Why doesn't your dog follow you on walks? Most likely, you're not exciting him enough! YOU should be the most exciting thing.
To start out, ask yourself some questions about yourself:
1) What do you go out on walks for? Groceries, window shopping, meeting friends?
2) What are the different walking paces for these different walks?
3) What are your favorite things to notice on your walks? Stylish people, other dogs, woman/men?
4) What do you try to avoid outside? Strangers, bad smells, trucks?
Now, 'ask' your dog the same questions (that means observe or try to guess). Some answers he could possibly give are:
1) I go outside to: go to the bathroom, meet other dogs, meet people, exercise, or even - I don't know why my owner takes me out, I hate going outside!
2) I walk at different paces when: I have to go to the bathroom, I know where I'm going, I don't know where I'm going, when I'm running away from dogs, people or children etc.
3) My favorite things to notice are: leaves on the ground, chicken bones, my owner, sharp movements
4) I avoid: Trucks, loud sounds, crowds, other dogs
Now that you're aware of both of you and your dogs motivations, you probably have a better idea of when it's best to train together - when you both have time, AND when you can avoid things that might distract both of you
Now for the fun part! YOU are going to become the funnest most exciting part of your dog's walk:
Practice at home first becoming the apple of your dog's eye while not on a leash: what gets your dogs attention? Running, balls, treats?
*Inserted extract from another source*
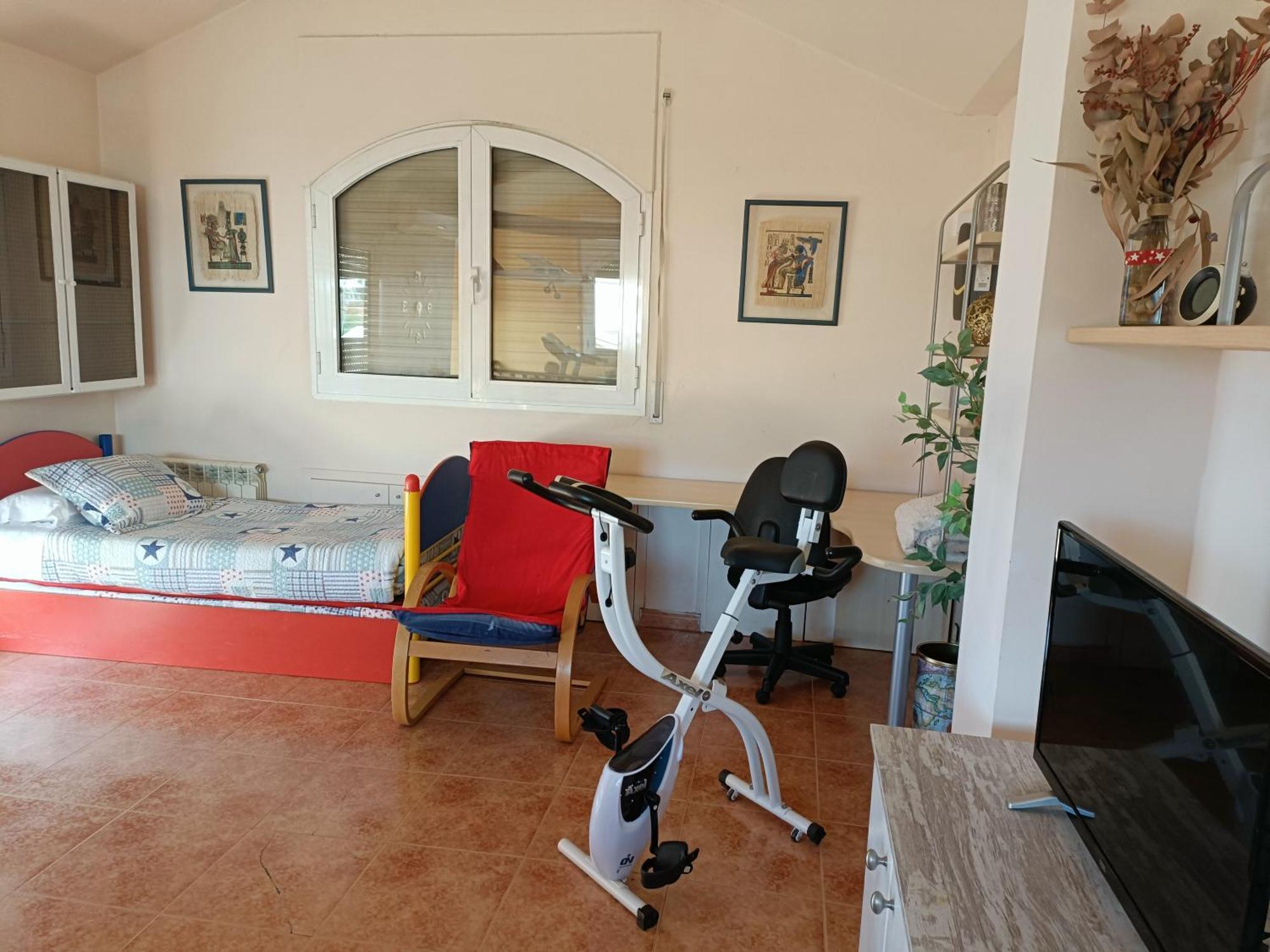 Casa Con Jardin Y Piscina Privada. Villa Santa Eulalia de Ronsaná Exterior foto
Excite your dog enough to follow you in any direction; circles, squares, backwards forwards, running, slowly...You'll notice that just by changing your pace your dog's attention is always on you! And, always reward for good responses.
Tip: If you are having trouble getting your dog to move forward, try bending your knees while stepping forward to make the whole movement very obvious
Now, add a leash inside and continue to be the apple of your dog's eye, rewarding him when he follows your every move. And, don't forget to encourage with your voice!
Practice outside without other dogs around, and always reward for good behavior!
Now practice with distractions one at a time - leaves, shopping, trucks, dogs - refer to your list!